* Work to be completed:
The answer should reproduce every entry exactly and contain no images.

* Recorded data:
::::

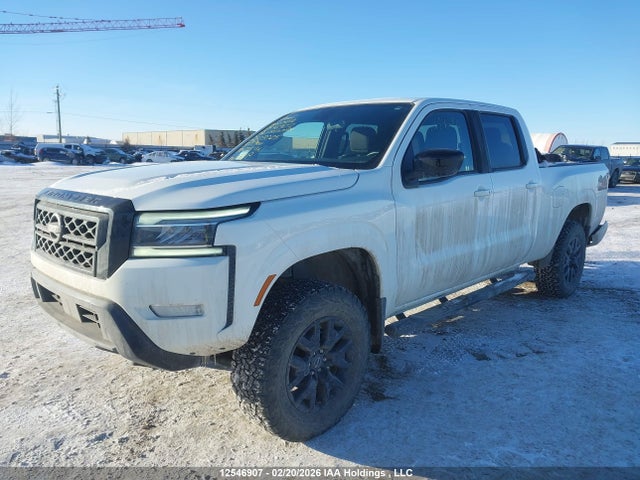 1N6ED1FK1PN603025 Nissan Frontier Sv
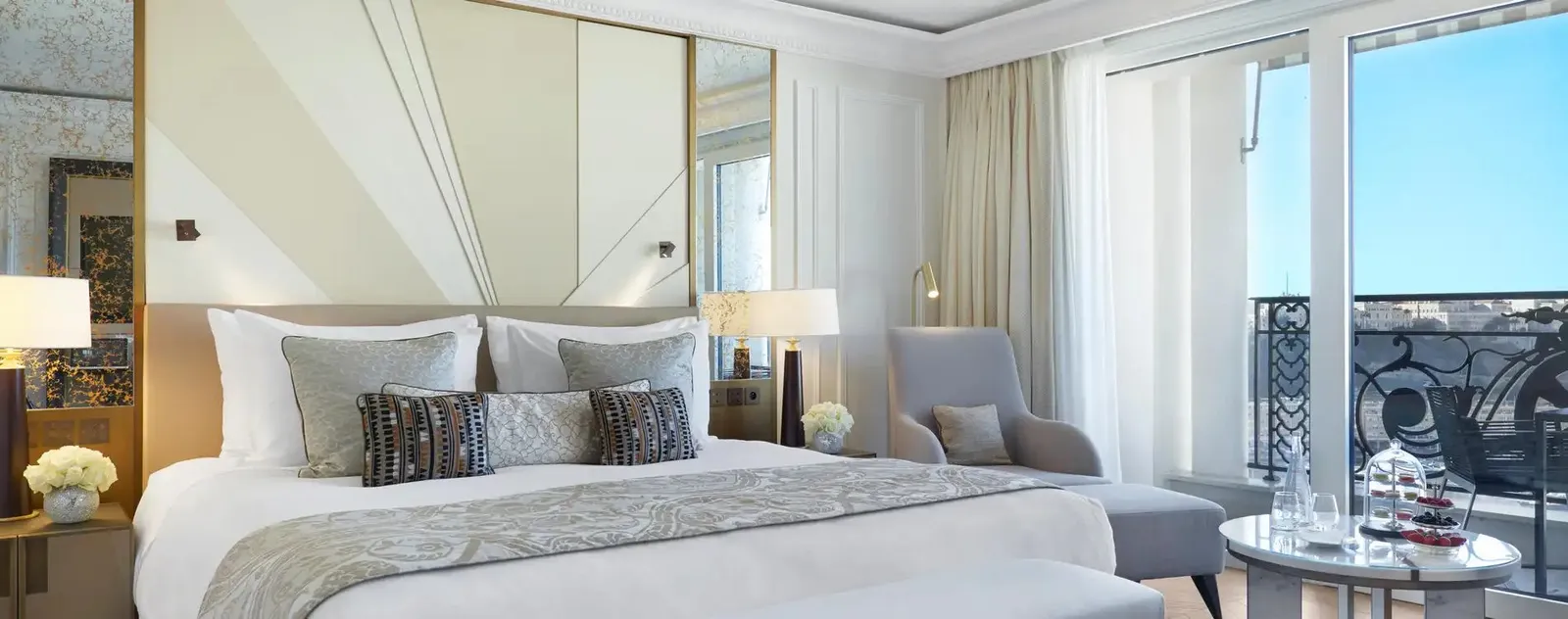Exclusive Room - sea view with terrace at Hôtel de Paris Monte-Carlo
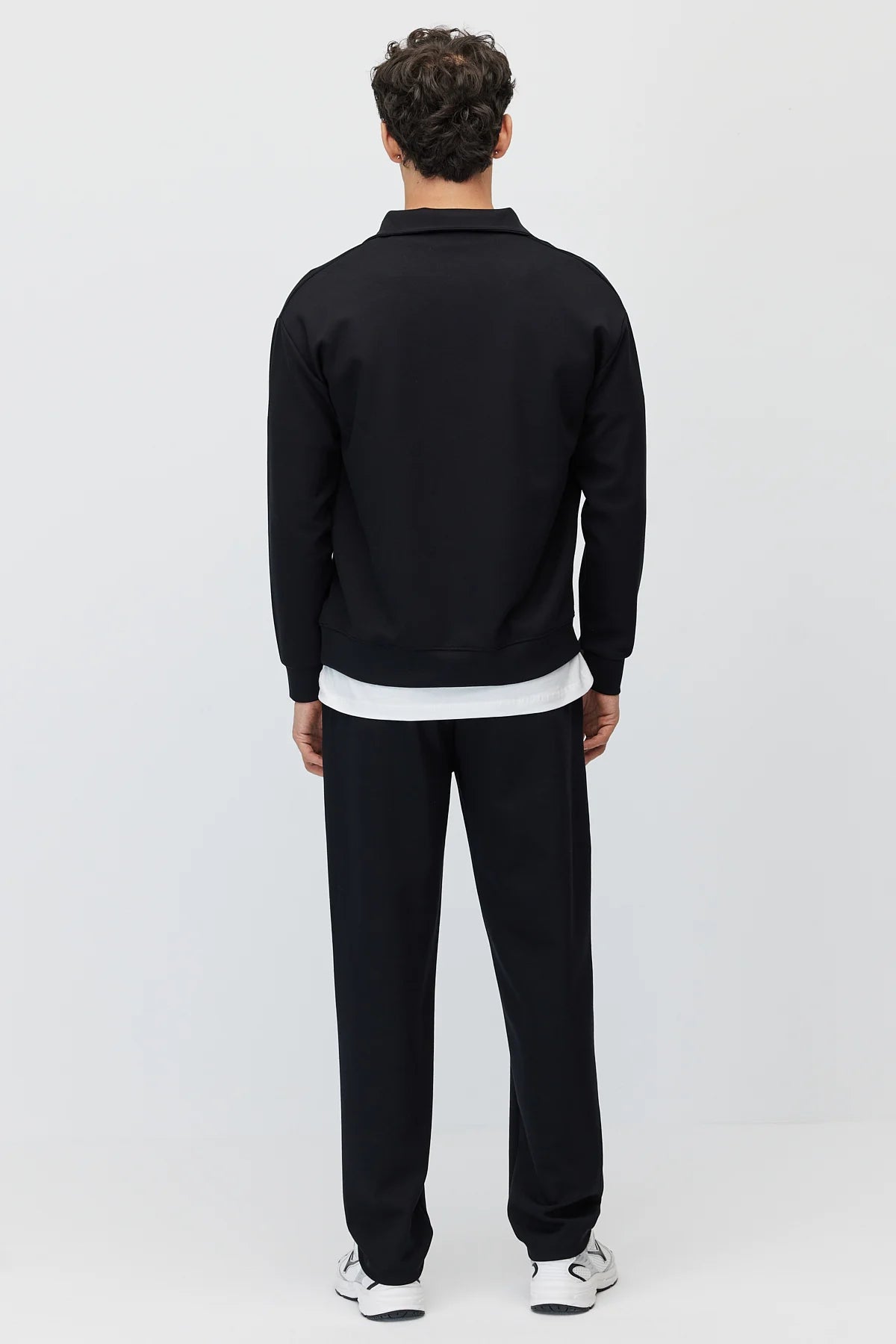 Men's Sweatpants With Drawstring Elastic Waistband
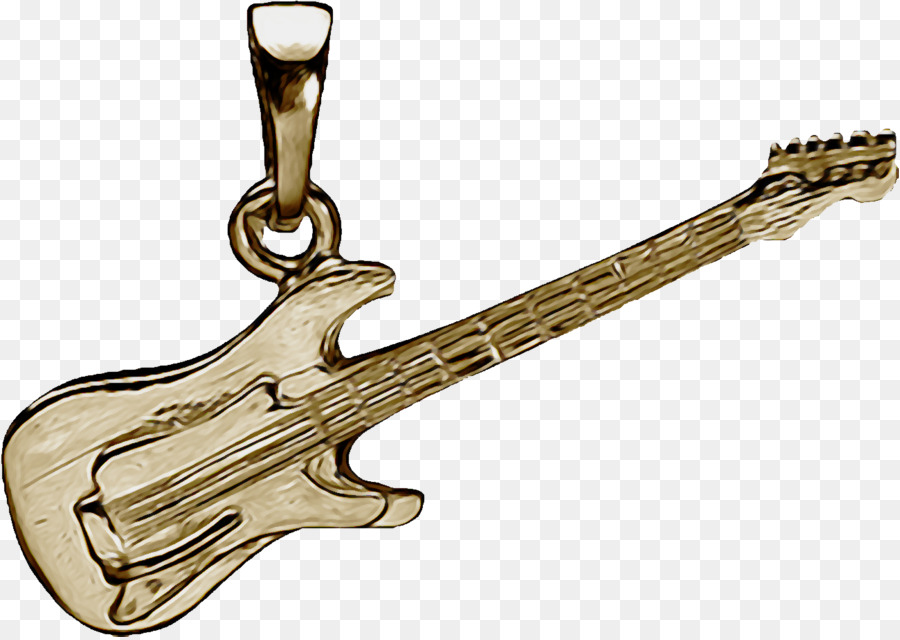 Gitar，Liontin Charms PNG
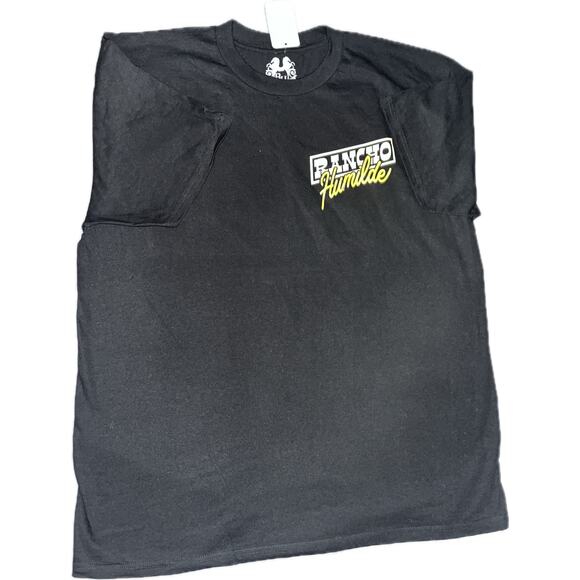 Rancho Humilde Mexican Eagle Shirt Fuerza Regida Record Label - Picture 2 of 2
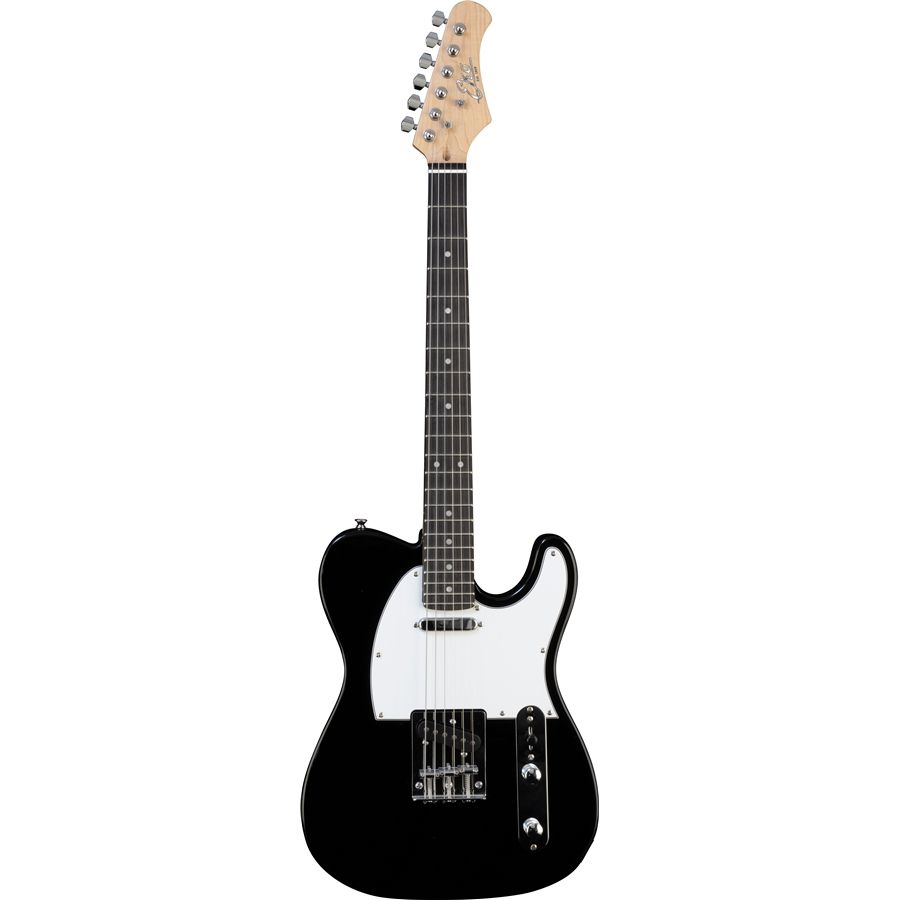 Guitarra Eléctrica Eko Vt-380 Black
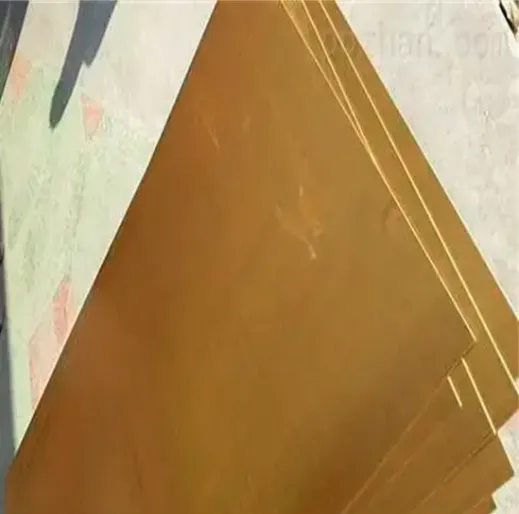 Premium C52400 Phosphor Bronze Plate with 90% Cu Oiling US$845.00 1-4 Tons US$735.00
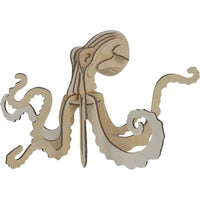 Eco 3D Wooden Puzzle - Octopus - ToyTime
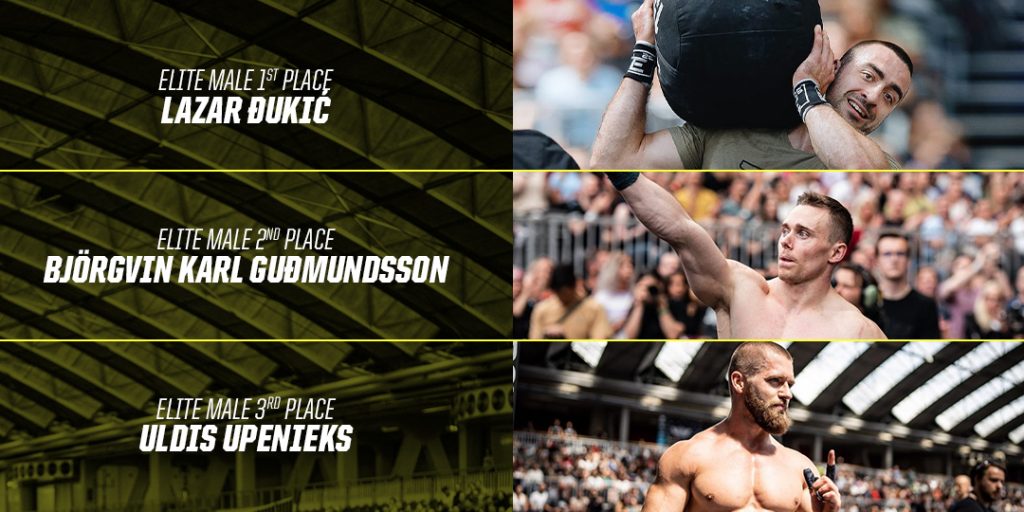 crossfit semifinals: throwdown 2022-male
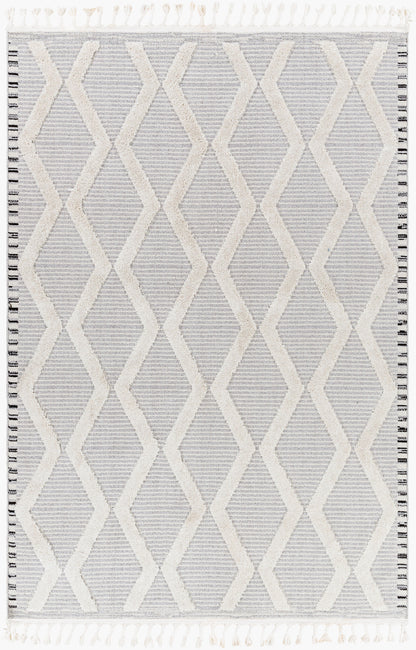 Azilal AZI-2317 Alfombra tejida a máquina de 9' x 12'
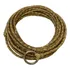 Laco De Trabalhar Couro Natural 4 Tentos Para Cavalos Oferta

::::

* Result of the task:
 1N6ED1FK1PN603025 Nissan Frontier Sv
Exclusive Room - sea view with terrace at Hôtel de Paris Monte-Carlo
 Men's Sweatpants With Drawstring Elastic Waistband
 Gitar，Liontin Charms PNG
 Rancho Humilde Mexican Eagle Shirt Fuerza Regida Record Label - Picture 2 of 2
 Guitarra Eléctrica Eko Vt-380 Black
 Premium C52400 Phosphor Bronze Plate with 90% Cu Oiling US$845.00 1-4 Tons US$735.00
 Eco 3D Wooden Puzzle - Octopus - ToyTime
 crossfit semifinals: throwdown 2022-male
 Azilal AZI-2317 Alfombra tejida a máquina de 9' x 12'
 Laco De Trabalhar Couro Natural 4 Tentos Para Cavalos Oferta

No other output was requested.